Chômeurs... population active : de quoi parle le gouvernement ?

par Aimé FAY
lundi 3 septembre 2007

Le gouvernement vient de publier les chiffres du chômage et la polémique continue encore. Reconnaissons que ces chiffres ne sont pas mauvais. Avec seulement 1 958 800 chômeurs, représentant 8 % de la population active, ces chiffres sont les meilleurs depuis plusieurs décennies. Mais, sont-ils les vrais chiffres ? Sont-ils vraiment ceux que possède l’Insee dans ses bases de données ?

La vérité est simple. Il suffit d’aller la voir sur le site Internet de cet organisme public ! Alors qu’est-ce qu’on y trouve ?

1° - D’abord des définitions. Celles au sens du BIT, de la qualité de chômeur et de la population active. Voici les définitions de l’Insee, reproduites in extenso.

Chômeur :

En application de la définition internationale adoptée en 1982 par le Bureau international du travail (BIT), un chômeur est une personne en âge de travailler (15 ans ou plus) qui répond simultanément à trois conditions :

- être sans emploi, c’est-à-dire ne pas avoir travaillé, ne serait-ce qu’une heure, durant une semaine de référence ;

- être disponible pour prendre un emploi dans les 15 jours ;

- chercher activement un emploi ou en avoir trouvé un qui commence ultérieurement.

Remarque  :

Un chômeur au sens du BIT n’est pas forcément inscrit à l’ANPE (et inversement).


Population active :

La population active regroupe la population active occupée (appelée aussi "population active ayant un emploi") et les chômeurs.

La mesure de la population active diffère selon l’observation statistique qui en est faite. On peut actuellement distinguer trois approches principales : au sens du BIT, au sens du recensement de la population, au sens de la Comptabilité nationale.

 

2° - Ensuite, on trouve aussi des chiffres dans le site de l’Insee et notamment ceux sur la population active au sens du BIT (en milliers) :

2002

2003

2004

2005

2006

27 096

27 373

27 518

27 637

pas encore connus

Le matériel mis à notre disposition par l’Institut est tout à fait remarquable. Tous les économistes sérieux s’en inspirent et les étudiants aussi. Alors, pourquoi pas notre gouvernement ?

S’il y a vraiment 8 % de chômeurs par rapport à la population active, il y a donc, au minimum, 2 210 000 chômeurs (27 637 000 x 8 %). Or le gouvernement annonce seulement 1 958 800 personnes au chômage. La différence est quand même de taille ! Il est vrai que psychologiquement être au-dessous de la barre de 2 millions des chômeurs, c’est bien.

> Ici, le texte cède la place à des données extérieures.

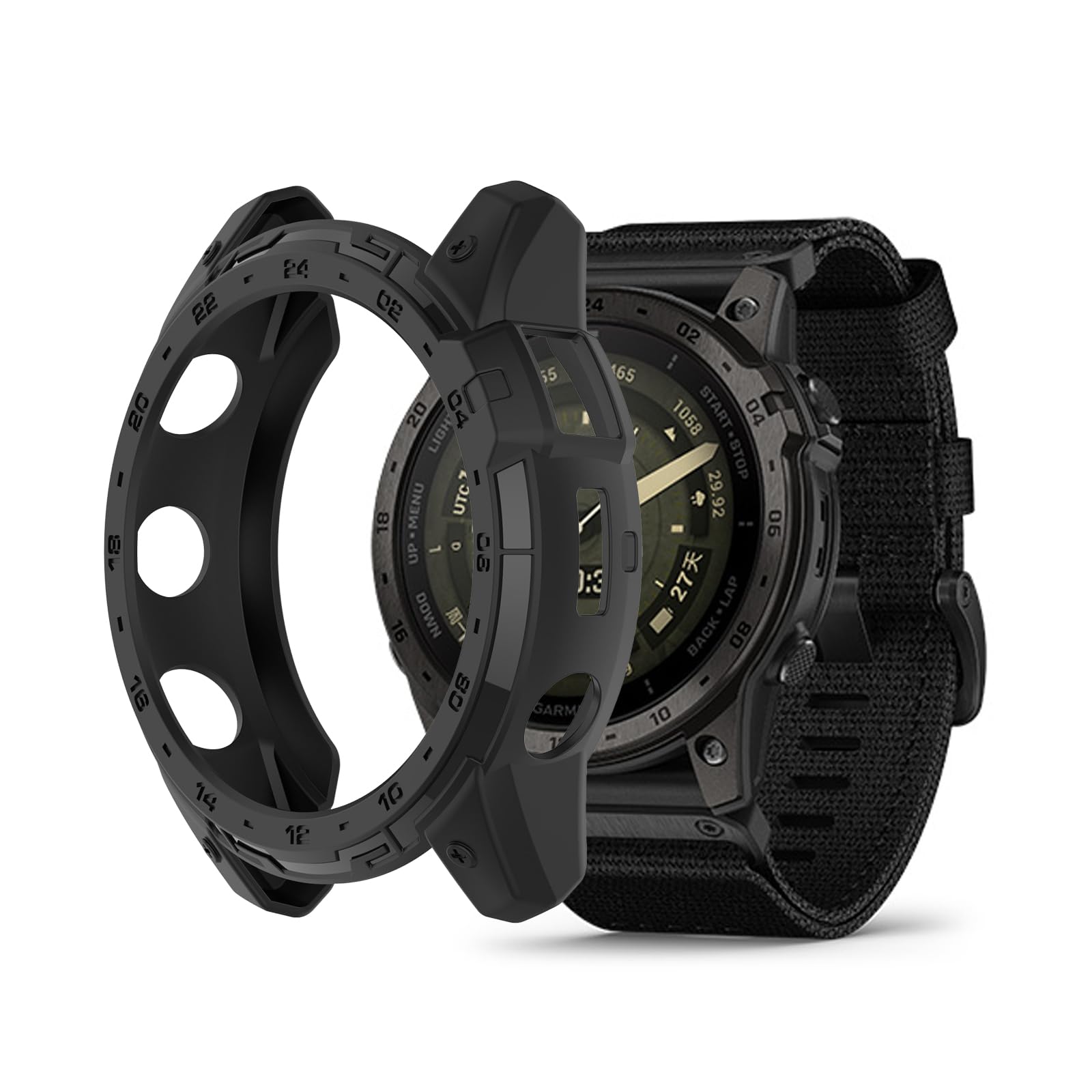 Pokrowiec do zegarka Garmin tactix 7 AMOLED, ultracienki pokrowiec, etui, antyrysowny, lekki pokrowiec TPU, ochraniacz, etui na Garmin tactix 7 AMOLED Smartwatch na zewnątrz (czarny)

La méthode Coué est vraiment devenue le fil directeur qui structure la communication de nos dirigeants. Mais alors, pourquoi ne pas aller jusqu’au bout de la démarche et dire que le taux de chômage, en France, est de 7 % seulement ? Il suffit pour cela de comparer le prétendu nombre de chômeurs, 1 958 800, à la population active (cf. supra), pour avoir seulement 7 % de Français en recherche d’emploi (1 958 800 / 27 637 000 x 100 = 7 %).

Cette méthode est-elle bien sérieuse ? Privilégier la forme sur le fond, la parole sur l’action, le maquillage sur la réalité... ne peut durer indéfiniment. Aujourd’hui, en attendant l’aubaine d’une grosse croissance hypothétique, le gouvernement met le paquet pour laisser croire que la France va bien et que, s’il y a des points négatifs c’est de la faute des autres : à l’euro, aux marchés financiers américains, à la concurrence chinoise, à la pénurie de blé due à la sécheresse, etc.

Beaucoup de pays ont déjà utilisé une telle méthode, bourrée d’artifices. Tous en sont revenus plus affaiblis qu’ils ne l’étaient avant.

Il faudra bien qu’un jour, nos dirigeants, de droite comme de gauche, aient le courage de ne plus nous considérer comme des demeurés en sciences économiques à qui on ne peut jamais dire la vérité sur les chiffres.